Daily Practice: Tune in to your feelings. Identify and write down your feelings three times a day.
- Work on Trusting Yourself
When you attempt to push down your feelings, you can lose contact with your own gut sense. You may end up relying too much on the opinions and perceptions of others and have difficulty following your own rudder with decision-making. Or, you may take a backseat and allow things to happen in your life instead of knowing what you want and need, taking the driver’s seat, and making them happen for yourself. The more in tune you are with your own feelings, the better you can make decisions you trust.
Daily Practice: Before any decision you make, be the first and last person you go to for guidance.
- Increase Your Opportunities for Enjoyment
Begin thinking about what you like, love, and find pleasure in.
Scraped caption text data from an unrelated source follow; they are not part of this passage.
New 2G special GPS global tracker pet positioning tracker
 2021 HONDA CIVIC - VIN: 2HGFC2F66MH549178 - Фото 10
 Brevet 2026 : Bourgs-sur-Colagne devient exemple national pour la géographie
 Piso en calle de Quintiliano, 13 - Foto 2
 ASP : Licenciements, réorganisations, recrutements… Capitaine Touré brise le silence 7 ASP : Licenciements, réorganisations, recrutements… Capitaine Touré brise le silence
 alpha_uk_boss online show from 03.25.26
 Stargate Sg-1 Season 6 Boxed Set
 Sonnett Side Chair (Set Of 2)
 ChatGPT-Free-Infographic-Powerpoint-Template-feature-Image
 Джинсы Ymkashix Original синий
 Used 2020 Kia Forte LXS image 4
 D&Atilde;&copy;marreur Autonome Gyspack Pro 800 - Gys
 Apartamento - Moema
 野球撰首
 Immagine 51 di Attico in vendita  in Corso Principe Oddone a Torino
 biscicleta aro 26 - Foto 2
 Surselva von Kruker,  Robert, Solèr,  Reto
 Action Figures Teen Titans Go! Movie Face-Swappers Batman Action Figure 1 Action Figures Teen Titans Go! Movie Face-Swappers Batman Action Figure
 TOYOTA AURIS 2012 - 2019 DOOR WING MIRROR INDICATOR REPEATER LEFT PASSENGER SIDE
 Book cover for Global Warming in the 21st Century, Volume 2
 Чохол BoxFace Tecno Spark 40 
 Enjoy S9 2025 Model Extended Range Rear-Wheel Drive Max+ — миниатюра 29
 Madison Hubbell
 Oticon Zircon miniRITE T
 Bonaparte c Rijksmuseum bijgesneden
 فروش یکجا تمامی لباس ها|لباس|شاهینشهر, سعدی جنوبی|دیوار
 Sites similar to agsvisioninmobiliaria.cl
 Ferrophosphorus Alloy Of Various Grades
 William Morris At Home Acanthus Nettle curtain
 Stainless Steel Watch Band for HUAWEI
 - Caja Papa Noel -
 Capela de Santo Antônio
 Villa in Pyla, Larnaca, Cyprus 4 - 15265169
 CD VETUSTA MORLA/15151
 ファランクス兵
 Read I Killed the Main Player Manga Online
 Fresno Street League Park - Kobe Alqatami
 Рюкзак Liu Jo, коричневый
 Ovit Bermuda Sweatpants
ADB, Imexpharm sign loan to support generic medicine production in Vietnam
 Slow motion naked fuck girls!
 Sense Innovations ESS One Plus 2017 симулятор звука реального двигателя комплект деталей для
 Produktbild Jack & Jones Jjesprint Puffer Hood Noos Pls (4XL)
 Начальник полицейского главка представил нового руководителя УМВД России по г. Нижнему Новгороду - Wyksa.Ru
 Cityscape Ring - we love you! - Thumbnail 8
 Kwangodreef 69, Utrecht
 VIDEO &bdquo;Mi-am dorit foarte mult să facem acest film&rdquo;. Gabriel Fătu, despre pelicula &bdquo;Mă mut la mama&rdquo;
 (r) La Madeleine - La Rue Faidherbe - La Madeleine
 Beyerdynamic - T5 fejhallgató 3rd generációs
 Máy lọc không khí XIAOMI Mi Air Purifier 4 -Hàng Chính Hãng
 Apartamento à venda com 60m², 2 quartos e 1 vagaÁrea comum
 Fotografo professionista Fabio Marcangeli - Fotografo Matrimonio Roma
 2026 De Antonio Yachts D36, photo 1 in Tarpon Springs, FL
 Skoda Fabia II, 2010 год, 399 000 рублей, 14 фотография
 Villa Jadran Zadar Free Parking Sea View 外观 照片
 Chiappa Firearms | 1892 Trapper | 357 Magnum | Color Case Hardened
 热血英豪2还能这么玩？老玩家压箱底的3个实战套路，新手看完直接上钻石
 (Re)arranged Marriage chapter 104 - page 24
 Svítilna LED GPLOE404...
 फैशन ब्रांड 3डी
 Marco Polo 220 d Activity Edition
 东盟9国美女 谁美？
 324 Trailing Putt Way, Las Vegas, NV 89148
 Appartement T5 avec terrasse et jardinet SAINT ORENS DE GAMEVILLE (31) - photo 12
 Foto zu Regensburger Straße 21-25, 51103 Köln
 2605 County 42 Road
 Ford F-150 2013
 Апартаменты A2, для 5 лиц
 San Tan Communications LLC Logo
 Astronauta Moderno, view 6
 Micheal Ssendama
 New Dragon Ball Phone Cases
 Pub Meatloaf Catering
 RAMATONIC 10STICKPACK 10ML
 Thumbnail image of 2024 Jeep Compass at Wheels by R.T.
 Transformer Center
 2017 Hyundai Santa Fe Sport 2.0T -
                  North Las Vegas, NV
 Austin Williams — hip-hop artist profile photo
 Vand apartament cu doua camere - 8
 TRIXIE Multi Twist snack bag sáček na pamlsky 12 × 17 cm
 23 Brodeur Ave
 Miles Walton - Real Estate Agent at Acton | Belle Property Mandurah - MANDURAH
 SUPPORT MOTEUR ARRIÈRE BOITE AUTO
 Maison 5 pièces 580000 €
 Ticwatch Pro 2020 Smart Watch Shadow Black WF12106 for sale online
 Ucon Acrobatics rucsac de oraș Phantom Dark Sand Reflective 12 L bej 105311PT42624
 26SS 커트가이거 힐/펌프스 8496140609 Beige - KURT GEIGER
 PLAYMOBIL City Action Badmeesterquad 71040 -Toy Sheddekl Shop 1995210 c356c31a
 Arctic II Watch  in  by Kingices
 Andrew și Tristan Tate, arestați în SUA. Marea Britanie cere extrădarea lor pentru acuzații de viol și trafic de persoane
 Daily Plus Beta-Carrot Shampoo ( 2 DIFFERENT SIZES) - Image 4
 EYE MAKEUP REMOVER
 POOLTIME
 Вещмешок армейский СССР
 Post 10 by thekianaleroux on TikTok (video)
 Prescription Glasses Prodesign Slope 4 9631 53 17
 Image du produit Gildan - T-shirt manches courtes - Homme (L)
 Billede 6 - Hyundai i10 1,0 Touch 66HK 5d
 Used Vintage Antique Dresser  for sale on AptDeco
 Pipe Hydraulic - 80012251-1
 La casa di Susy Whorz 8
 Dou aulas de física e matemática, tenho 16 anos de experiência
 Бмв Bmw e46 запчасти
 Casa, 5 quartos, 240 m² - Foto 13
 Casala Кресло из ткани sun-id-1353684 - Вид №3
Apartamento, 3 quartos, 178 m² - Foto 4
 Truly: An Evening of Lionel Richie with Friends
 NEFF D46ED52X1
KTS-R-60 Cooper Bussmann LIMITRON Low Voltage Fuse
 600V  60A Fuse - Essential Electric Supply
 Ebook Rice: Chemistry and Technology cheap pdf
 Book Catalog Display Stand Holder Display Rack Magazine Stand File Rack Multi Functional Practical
This is one of the most exciting parts of recovery, to discover your interests and passions. And it will have extra value when you find things that bring you joy—an emotion that may have been also pushed down by childhood emotional neglect. In a Duke University study by Hanson, et al. (2015), researchers found that the ventral striatum, the feeling and reward center in the brain, is underdeveloped in the adolescent brains of the emotionally neglected. Childhood emotional neglect literally changes the structures of your brain. Fortunately, this is something that can be strengthened and developed even in adulthood.
Daily Practice: Keep a journal of your likes and dislikes. Incorporate things that give you joy into your routine.
- Challenge Your Impulses
Without enough awareness or understanding of your emotions, you may be left feeling overwhelmed or scattered. Like an orchestra without a conductor, when your emotions go unattended and unmanaged, they can become jumbled and difficult to discern. You may find yourself doing things you shouldn’t, not doing things you need to do, and being overly critical of yourself for it all. With some attention, patience, and self-compassion, you can train your brain to manage your emotions and exercise more agency over your impulses.
Daily Practice: Every day, do one small thing you don’t want to do (but should do), or stop yourself from doing something you want to do (but shouldn’t).
- Uphold Your Boundaries
It takes strength to say “no” when you have learned it’s wrong, weak, or selfish. The more you can identify your emotions, the easier it will be to identify what you need, and sometimes your need involves setting a boundary with others. It’s important to know that setting limits with people in your life is essential to healthy relationships. You are allowed to say “No, I’m not available that day,” “No thanks, I’m not interested,” or simply just “No.” Right before you set a boundary, turn your attention inward and think about what is right for you.
Daily Practice: Try to say “no” more often. Keep track of the number of times you’re able to say no.
You have the power to heal your own childhood emotional neglect. With any new practice, allow yourself room for error. Taking on five new habits to begin your recovery can feel a bit daunting so I encourage you to start with the one that sounds the easiest and go from there.
Just as the first couple of workouts in a new exercise routine are tiring and leave you feeling sore, you will see positive results the more you keep at it. These five daily practices will feel more and more natural as you do them.
Your life of connection, motivation, direction, and wholeness is within reach. The path to healing isn’t necessarily easy, but it is well worth your effort.